Minahasa Selatan, Sulut, ruangenergi.com-Transisi energi di Indonesia tidak bisa hanya ditopang oleh satu pilar. Jika kita ingin mencapai target emisi nol bersih (net zero emission) pada 2060, maka strategi nasional harus ditopang oleh dua kaki utama: elektrifikasi berbasis energi terbarukan dan penguatan energi alternatif non-listrik seperti bioenergi, hidrogen, amonia, hingga carbon capture.

Sejauh ini, sektor elektrifikasi melalui PLN dan proyek-proyek berbasis EBT (Energi Baru Terbarukan) memang telah berjalan cukup progresif. Program 5 GW energi hijau dari PLN tiap tahun—dengan nilai investasi mencapai 6–7 miliar dolar AS—adalah langkah besar. Namun, kaki kedua, yakni sektor bioenergi, biofuel, bioetanol, green ammonia, hingga sustainable aviation fuel (SAF), masih belum mendapatkan ruang regulasi dan dukungan yang memadai.

Padahal, sektor non-listrik ini adalah kekuatan besar Indonesia. Pertamina, misalnya, memiliki kompetensi dan infrastruktur kuat dalam ekosistem biofuel dan energi molekular lainnya. Bioetanol, biodiesel, hingga green hydrogen bukan lagi sekadar opsi, tapi merupakan fondasi percepatan transisi energi di sektor transportasi, industri, dan maritim.

Direktur Proyek dan Operasi PT Pertamina NRE, Norman Ginting, menekankan pentingnya keseimbangan strategi nasional.

“Transisi energi harus dijalankan dengan pendekatan dua kaki. Elektrifikasi memang penting, tapi pengembangan bioenergi dan teknologi molekular tak kalah krusial untuk dekarbonisasi sektor-sektor yang tidak bisa dialiri listrik langsung,” ujar Norman kepada ruangenergi.com di sela-sela kunjungan ke PLTP Lahendong , Kamis(31/07/2025), di Sulawesi Utara.

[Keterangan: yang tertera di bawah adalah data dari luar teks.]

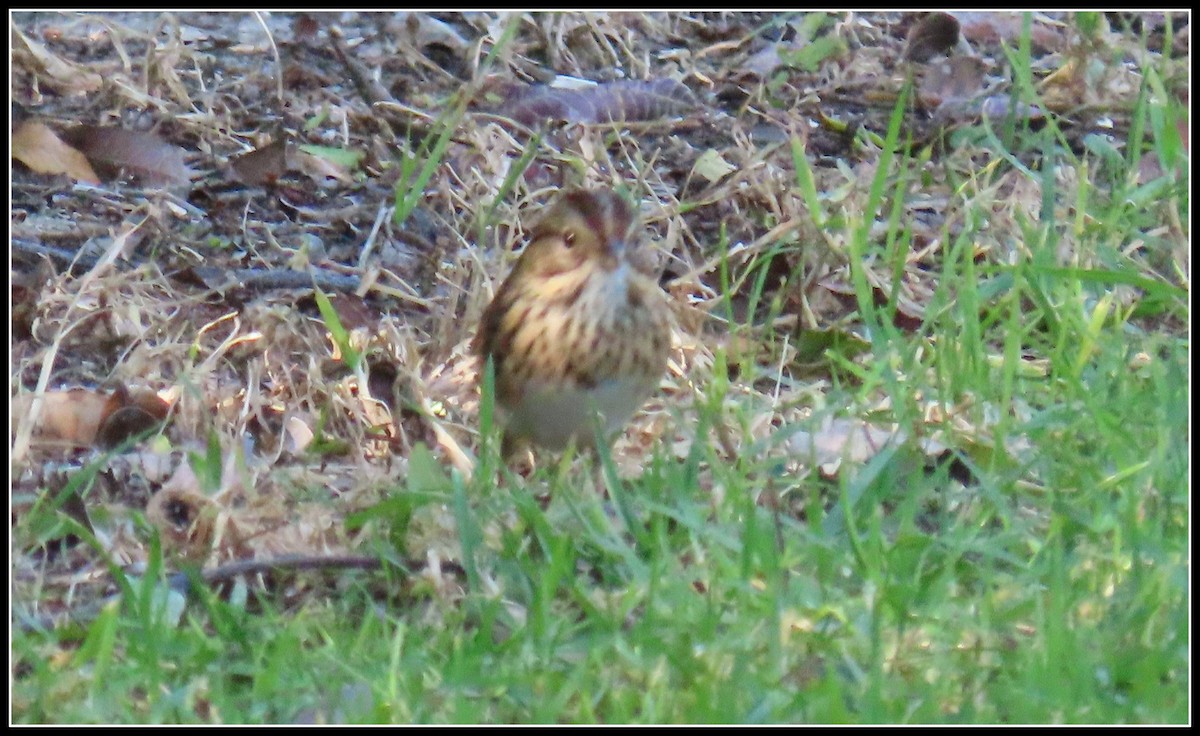 gråbrynspurv - ML644671284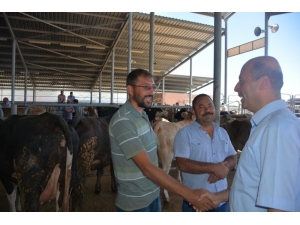 Başkan Bozkurt Kurban Pazarını Ziyaret Etti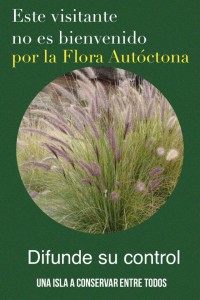 Rabo de Gato - Lampenputzergras: gefährdet die heimische Pflanzenwelt von La Palma.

Sayangnya, proses regulasi dan perencanaan energi nasional saat ini masih cenderung berat sebelah. Banyak potensi bioenergi belum tergarap secara optimal. Negara-negara produsen minyak seperti Brasil dan Arab Saudi bahkan telah bergerak lebih cepat melalui penguatan bioekonomi dan pengembangan SAF (Sustainable Aviation Fuel).

Dua Lokomotif, Satu Tujuan

Norman bercerita, transisi energi tidak akan stabil jika hanya ditarik oleh satu lokomotif. PLN dan Pertamina harus menjadi dua mesin penggerak utama. Keduanya mewakili dua sisi strategi besar: elektrifikasi dan dekarbonisasi molekular. Pemerintah perlu menjamin bahwa kolaborasi antara keduanya berlangsung harmonis dan berimbang.

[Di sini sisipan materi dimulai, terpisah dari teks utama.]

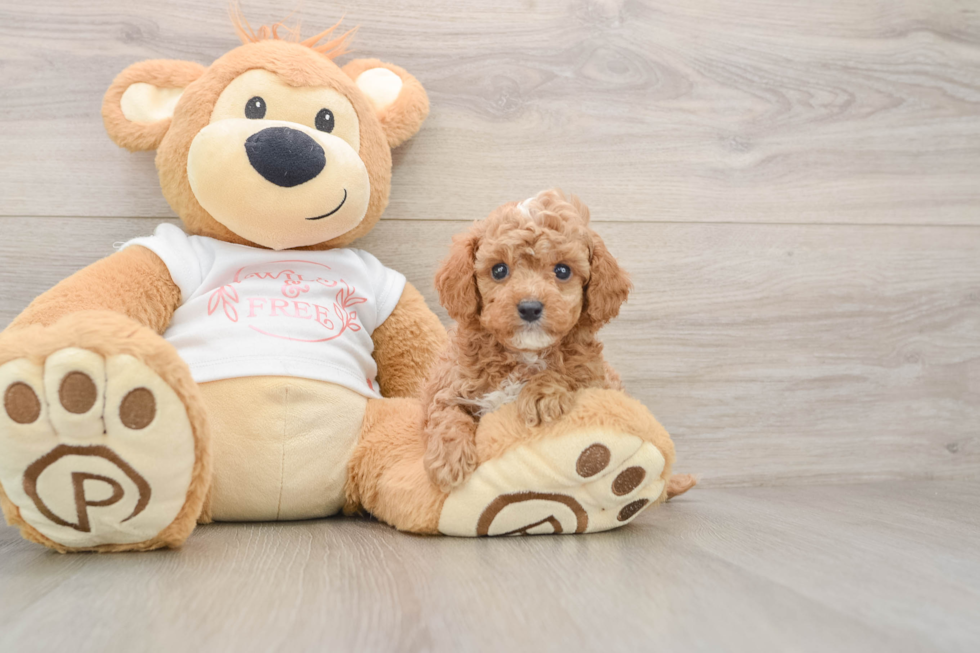 Popular Cavapoo Poodle Mix Pup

Namun dua kaki ini saja tidak cukup. Diperlukan peran aktif dari sektor swasta sebagai inovator, akselerator, sekaligus penyandang modal. Sayangnya, belum ada ekosistem kolaboratif yang benar-benar inklusif. Sektor swasta masih minim keterlibatannya dalam desain besar transisi energi nasional.

Regulasi Harus Dipercepat

Salah satu kunci utama adalah percepatan regulasi. Menurut Norman, dukungan terhadap bioenergi, green fuel, dan teknologi non-listrik seperti carbon capture dan green ammonia harus dituangkan ke dalam kebijakan yang jelas, insentif yang menarik, serta roadmap yang terukur dan realistis.

Regulasi yang kuat juga akan menjadi sinyal positif bagi para investor. Tanpa kepastian hukum dan kebijakan, baik investor lokal maupun global akan ragu untuk masuk. Transisi energi tidak boleh menjadi domain eksklusif BUMN saja—ini adalah proyek nasional yang harus melibatkan semua pihak.

Kesimpulan: Transisi Energi Butuh Akselerator, Kolaborator, dan Keseimbangan

Indonesia tidak bisa bertumpu pada satu kaki saja. Transisi energi akan goyah jika hanya berfokus pada elektrifikasi, tanpa memperkuat pilar bioenergi dan inovasi molekular lainnya. PLN dan Pertamina harus bergerak bersama sebagai dua lokomotif utama. Pemerintah harus menjadi akselerator, fasilitator, dan penyambung antar pelaku.

Dan yang paling penting: swasta harus dilibatkan secara penuh. Hanya dengan kolaborasi menyeluruh dan dukungan regulasi yang kuat, transisi energi Indonesia dapat berjalan stabil, cepat, dan inklusif menuju masa depan yang lebih hijau.